Significantly, no drug use by Griffith Joyner or Joyner-Kersee was mentioned.

In other news, Ben Plucknett died last Nov. 17, at the age of 48. He was a world-record holder in the discus. He also was the first American to be suspended by the international governing body for using an anabolic steroid, in 1981.

In still other news, Kim Gallagher died last Nov. 18, at the age of 38. She won medals in the 800 meters in the `84 and `88 Olympics. The cause of death was a stroke. Gallagher's former coach was banned for life by USA Track and Field for dispensing steroids to his athletes. Gallagher always denied she used illegal substances.

Thanks to Ben Johnson, all premature track obituaries will bubble up with questions. And all landmark performances will be accompanied by whispers.

Funny that the same ethic doesn't apply to other sports.
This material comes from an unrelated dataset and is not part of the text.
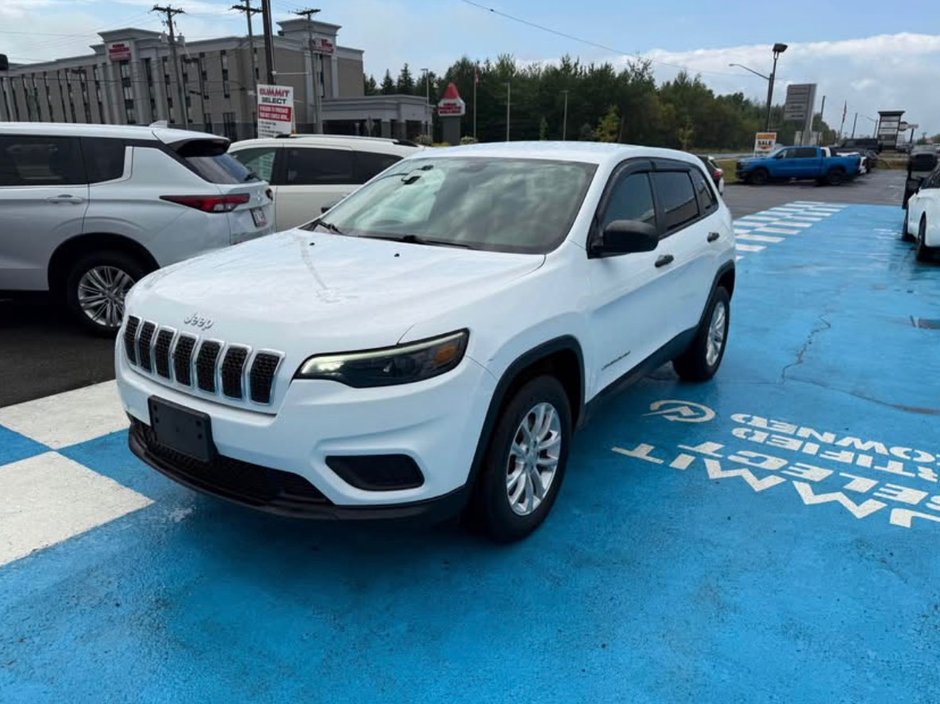 2021 Jeep Cherokee SPORT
Mark McGwire's home run record was never seriously tainted by the fact that he used androstenedione, a substance that would have been illegal at the Olympics. The same writers who mock Barry Bonds' sudden musculature glorified McGwire.

From the time the first pigskin was inflated, football players have needed something to get them through the night.

A minor-league pitcher passes out and dies after taking ephedra. So does a big Minnesota Vikings' tackle (according to the Vikings). The popularity of baseball and football do not suffer.

Maybe track and field is different because none of us can relate to the impossibility of what these champions do. Michael Johnson ran the 200 meters in 19.32 in Atlanta. He tore up his hamstring in the process. When a human body runs that fast, it comes apart.

The drug cops are mobilized for Athens in `04, but as long as track's champions can win and cash in before they get caught, they'll find a way.

Charlie Francis, Ben Johnson's coach, wrote this in a magazine called Testosterone:

"Drug use in sport has a long and grand tradition. Perhaps we should give the medals to the scientists assisting the athletes. If anyone is clean, it's going to be the losers."

In the world that Francis and Johnson left us, the losers are dirty, too.